In recent years, LinkedIn, Groupon and Demand Media all suggested they were profitable while privately held. But when the businesses were forced to file audited financial statements as they prepared to go public, those years or quarters in the black mysteriously vanished.

That’s just one of many reasons why it’s disturbing to see legislators hard at work on laws that would actually make it easier for companies to seek investments without also providing thorough and transparent financial data. And it’s why the proposals demand serious scrutiny.

This week, Sens. Pat Toomey, R-Pa., and Tom Carper, D-Del., introduced a bill that would raise the number of shareholders that companies are allowed to have before being forced to routinely disclose finances. Under the proposal, the threshold would rise from 500 to 2,000, minus employees.

Companies often feel compelled to go public when they near the 500 mark, because the disclosure requirements are nearly the same as those for a public company. Observers were quick to note that the law could ease IPO pressure on businesses like Facebook, which is bumping up against that threshold, further inflating private trading markets without adding any financial clarity.

“Lots of companies with fairly substantial market capitalizations would avoid the transparency of being reporting companies,” said John Coffee, a law professor at Columbia University.

Crowd funding

Separately this week, the House approved legislation proposed by Rep. Patrick McHenry, R-N.C., that would allow small businesses to raise capital through what is called crowd funding. That would mean startups could solicit investments from a pool of small investors, not just high-net-worth investors.

Individuals could invest the lesser of $10,000 or 10 percent of their annual income. As long as the firms raise less than $1 million a year, they could provide scant if any financial disclosures (though they would have to highlight the risky nature of the offerings).

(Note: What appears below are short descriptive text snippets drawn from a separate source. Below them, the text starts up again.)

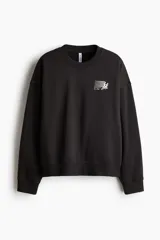 Buzo de corte oversized con interior cepillado, cuello redondo, hombros caídos y puños acanalados. Presenta un diseño estampado en el pecho con la inscripción Sport Club.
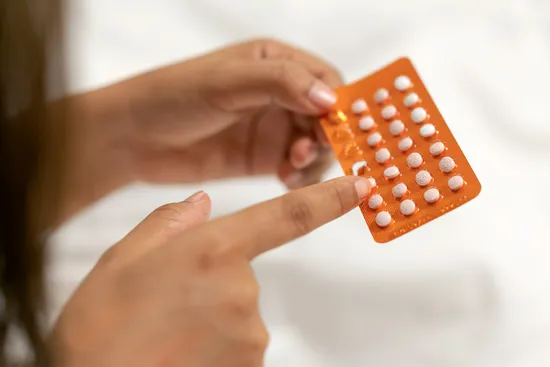 photo of birth control minipills in hand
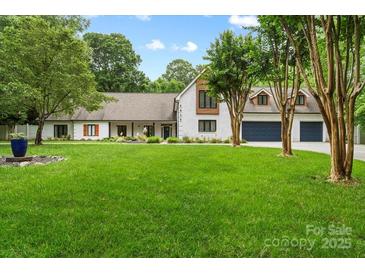 Charming brick home with a well-manicured lawn and mature trees, offering great curb appeal at 7017 S Providence Rd, Waxhaw, NC 28173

Meanwhile, the private-equity and investment-banking industries are pushing for even bigger changes. Last month, a group calling itself the IPO Task Force – including representatives from Hummer Winblad Venture Partners and the law firm Wilson Sonsini Goodrich & Rosati – submitted an audacious wish list for policymakers.

Complaining about the paucity of IPOs in recent years, it recommended a looser set of rules for “emerging growth companies” with less than $1 billion in annual gross revenue.

These companies would be able to take advantage of a five-year “on-ramp” period that would reduce requirements for disclosures of historical financial data. The bill would also exempt companies from regulations concerning shareholder voting rights on executive compensation and loosen rules regarding analyst conflicts of interests.

Some corporate governance experts think the very premise of an on-ramp is flawed.

The first five years “is exactly when you would need to have the best disclosures,” said Charles Elson, director of the center for corporate governance at the University of Delaware.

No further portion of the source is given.